Entries taken from a collection
#####
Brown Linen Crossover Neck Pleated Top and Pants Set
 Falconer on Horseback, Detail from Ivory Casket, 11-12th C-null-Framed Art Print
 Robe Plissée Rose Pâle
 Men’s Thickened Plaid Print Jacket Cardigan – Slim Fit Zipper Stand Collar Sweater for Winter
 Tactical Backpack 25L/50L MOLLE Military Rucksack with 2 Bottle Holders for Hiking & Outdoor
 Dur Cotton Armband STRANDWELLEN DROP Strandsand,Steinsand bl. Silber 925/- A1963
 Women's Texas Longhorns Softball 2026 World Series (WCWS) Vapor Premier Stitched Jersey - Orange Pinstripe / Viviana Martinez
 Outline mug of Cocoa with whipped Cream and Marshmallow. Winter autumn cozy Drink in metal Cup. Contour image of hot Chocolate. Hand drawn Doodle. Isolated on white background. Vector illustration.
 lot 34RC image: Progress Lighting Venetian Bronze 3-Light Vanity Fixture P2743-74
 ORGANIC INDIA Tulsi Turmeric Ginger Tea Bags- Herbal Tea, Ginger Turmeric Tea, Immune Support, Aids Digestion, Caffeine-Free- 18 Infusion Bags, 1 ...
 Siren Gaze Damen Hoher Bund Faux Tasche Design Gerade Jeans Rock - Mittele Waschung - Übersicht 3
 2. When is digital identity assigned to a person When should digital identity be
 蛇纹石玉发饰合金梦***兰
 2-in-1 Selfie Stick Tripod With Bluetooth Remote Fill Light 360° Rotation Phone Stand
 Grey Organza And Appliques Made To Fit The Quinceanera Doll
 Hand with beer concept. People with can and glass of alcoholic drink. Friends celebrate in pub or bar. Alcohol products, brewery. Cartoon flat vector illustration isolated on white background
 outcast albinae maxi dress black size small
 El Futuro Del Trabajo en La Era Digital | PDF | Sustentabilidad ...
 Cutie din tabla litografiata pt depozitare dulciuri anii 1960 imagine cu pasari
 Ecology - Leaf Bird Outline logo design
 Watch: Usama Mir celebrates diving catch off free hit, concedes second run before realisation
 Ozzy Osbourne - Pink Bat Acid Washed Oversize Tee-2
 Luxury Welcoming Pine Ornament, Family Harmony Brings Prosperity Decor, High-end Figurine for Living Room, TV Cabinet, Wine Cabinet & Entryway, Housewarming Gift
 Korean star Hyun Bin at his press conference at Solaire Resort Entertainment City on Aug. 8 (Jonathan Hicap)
#####
Problem to solve
Show every line from the entries above in which the word "white" appears.

Result for this task
 Outline mug of Cocoa with whipped Cream and Marshmallow. Winter autumn cozy Drink in metal Cup. Contour image of hot Chocolate. Hand drawn Doodle. Isolated on white background. Vector illustration.
 Hand with beer concept. People with can and glass of alcoholic drink. Friends celebrate in pub or bar. Alcohol products, brewery. Cartoon flat vector illustration isolated on white background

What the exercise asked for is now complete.